Your objective
Please give back every entry in full, word for word, but none of the pictures.

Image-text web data
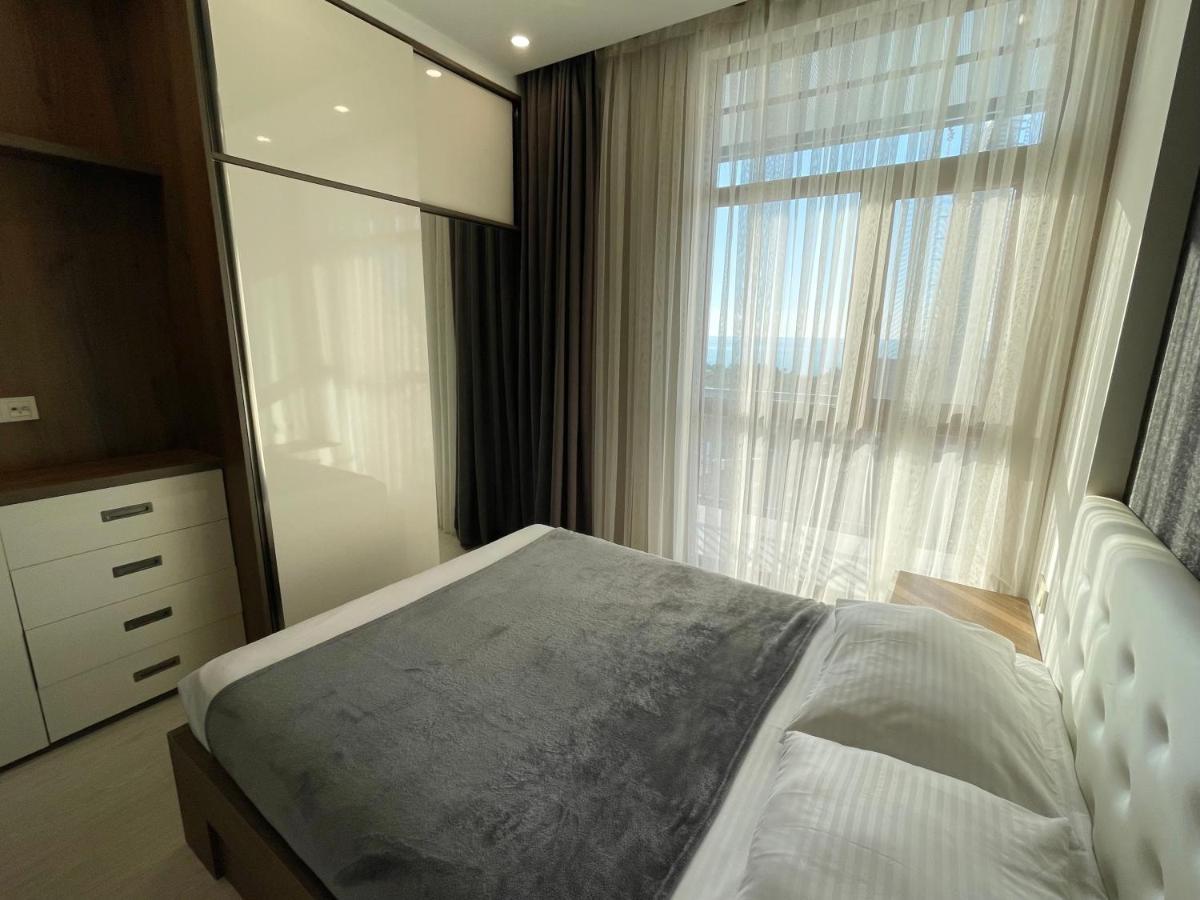 Apartments At Like House Batumi Bagian luar foto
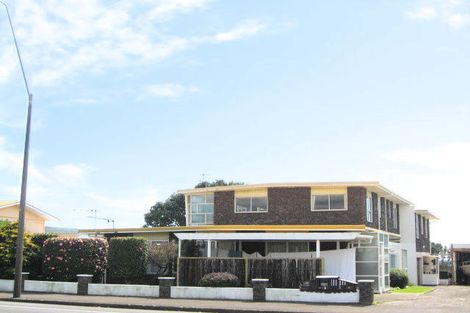 Photo of property in 250a Saint Aubyn, New Plymouth, 4310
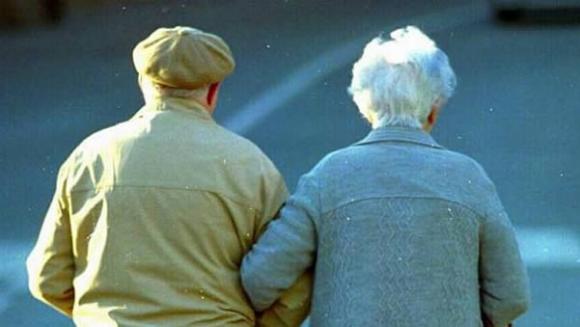 Un anciano se divorció de su esposa tras saber que le fue infiel en 1940
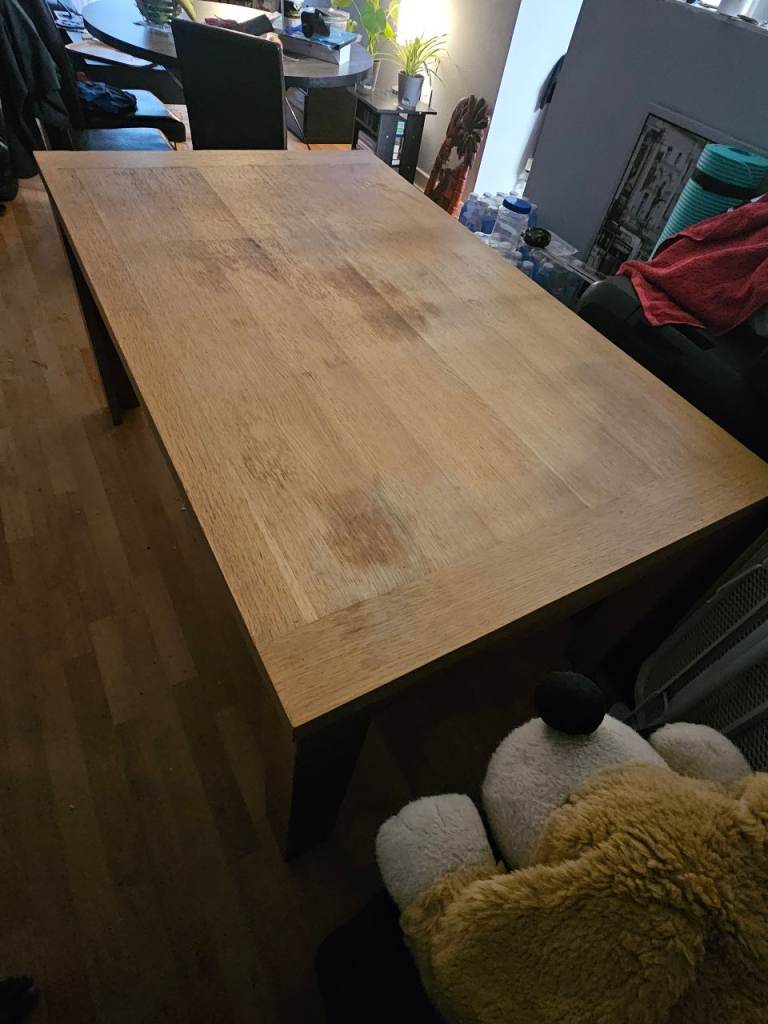 Dining table only 150x90 Free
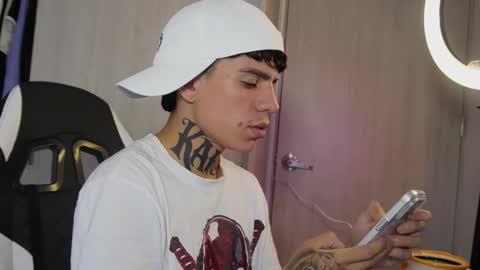 Snapshot of angel_luna0 chatting on May 31, 7:15 pm angel_luna0 online show from May 31, 7:15 pm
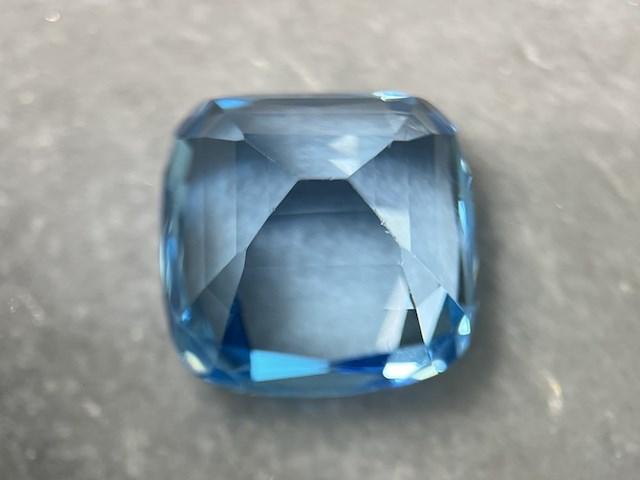 Edelsteen - 39.30 carat blauwe topaas - afbeelding 3 van  6
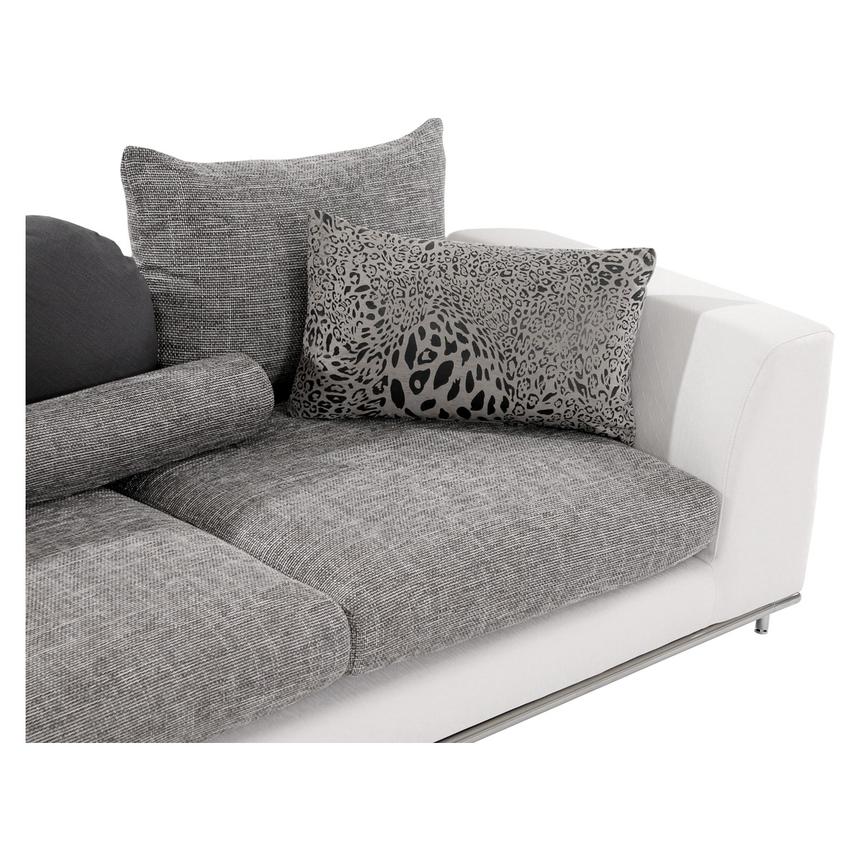 Hanna 2-Piece Sectional Sofa w/Right Chaise alternate image, 5 of 8 images.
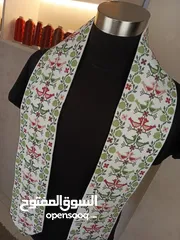 19 كاب مطرز ،طواقي مطرزه ،طواقي تخرج مطرزه ،وشاحات مطرزه ،تيشرتات مطرزه ،هودي مطرزه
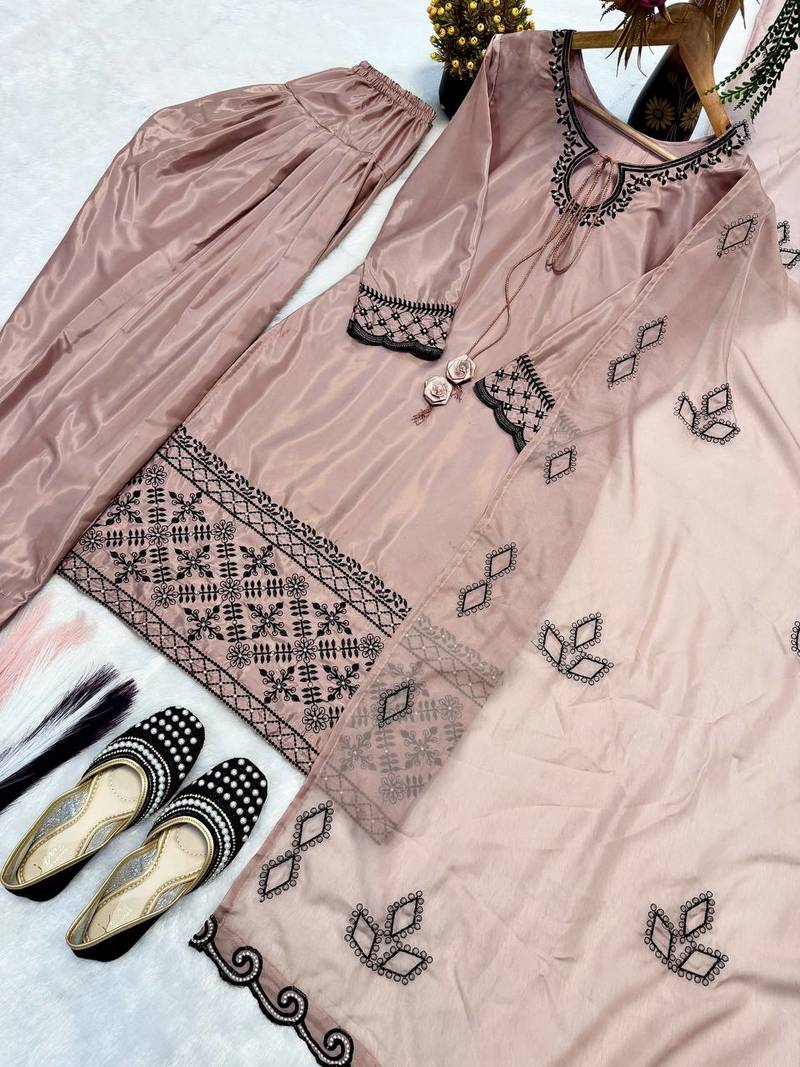 Elegant blush pink embroidered kurta set with farshi salwar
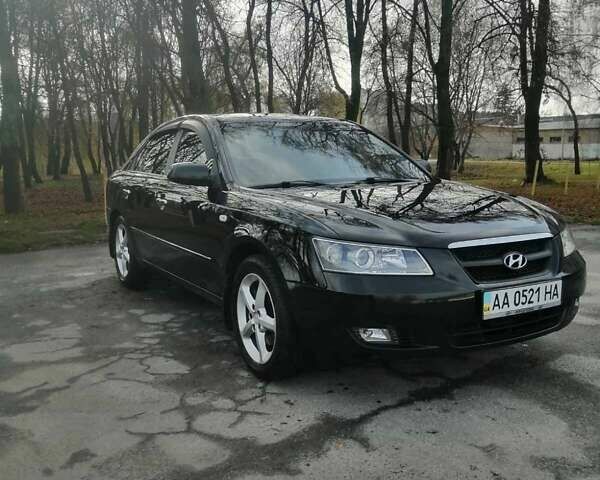 Черный Хендай Соната, объемом двигателя 2.4 л и пробегом 290 тыс. км за 5800 $, фото 3 на Automoto.ua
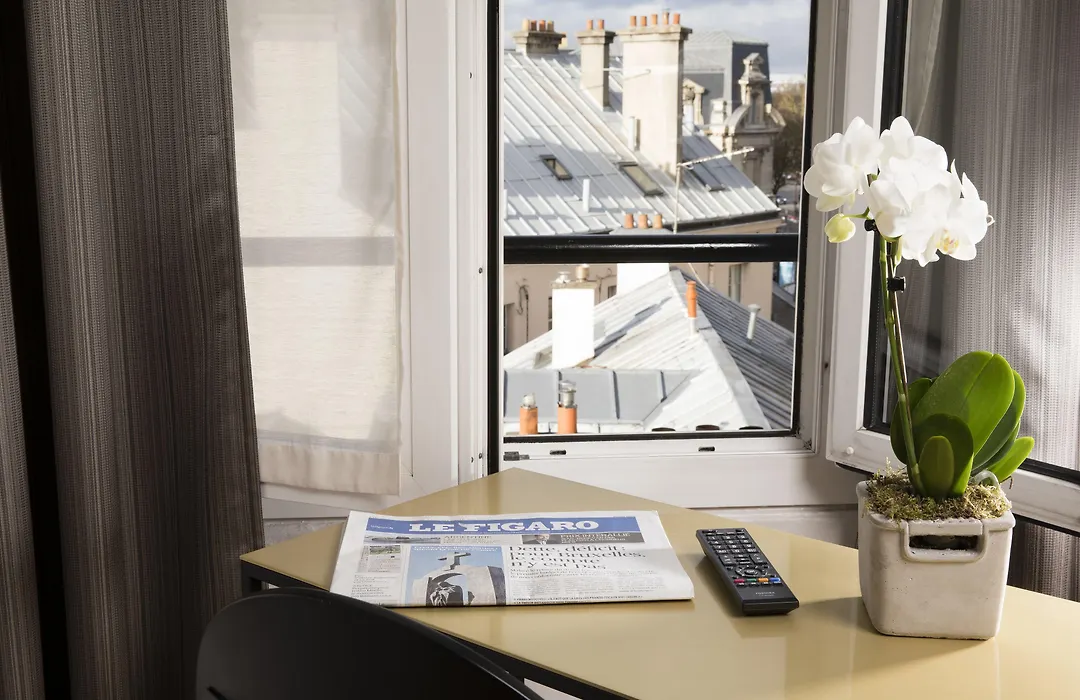 A L'Hotel Des Roys-1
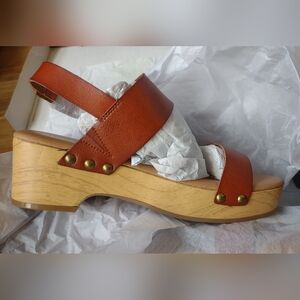 NEW TORRID Brown Buckle Wood Block Heel Sandals 7.5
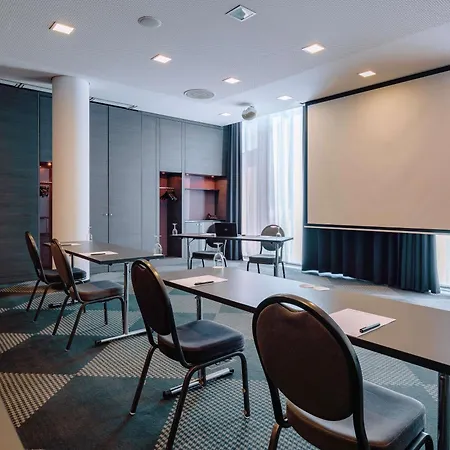 MÖVENPICK Hotel Stuttgart Airport-2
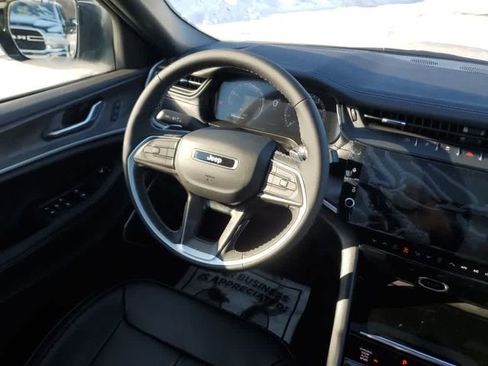 New 2026 Jeep Grand Cherokee Limited AWD/4WD image 18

Exercise result
 Apartments At Like House Batumi Bagian luar foto
 Photo of property in 250a Saint Aubyn, New Plymouth, 4310
 Un anciano se divorció de su esposa tras saber que le fue infiel en 1940
 Dining table only 150x90 Free
 Snapshot of angel_luna0 chatting on May 31, 7:15 pm angel_luna0 online show from May 31, 7:15 pm
 Edelsteen - 39.30 carat blauwe topaas - afbeelding 3 van  6
 Hanna 2-Piece Sectional Sofa w/Right Chaise alternate image, 5 of 8 images.
 19 كاب مطرز ،طواقي مطرزه ،طواقي تخرج مطرزه ،وشاحات مطرزه ،تيشرتات مطرزه ،هودي مطرزه
 Elegant blush pink embroidered kurta set with farshi salwar
 Черный Хендай Соната, объемом двигателя 2.4 л и пробегом 290 тыс. км за 5800 $, фото 3 на Automoto.ua
 A L'Hotel Des Roys-1
 NEW TORRID Brown Buckle Wood Block Heel Sandals 7.5
 MÖVENPICK Hotel Stuttgart Airport-2
 New 2026 Jeep Grand Cherokee Limited AWD/4WD image 18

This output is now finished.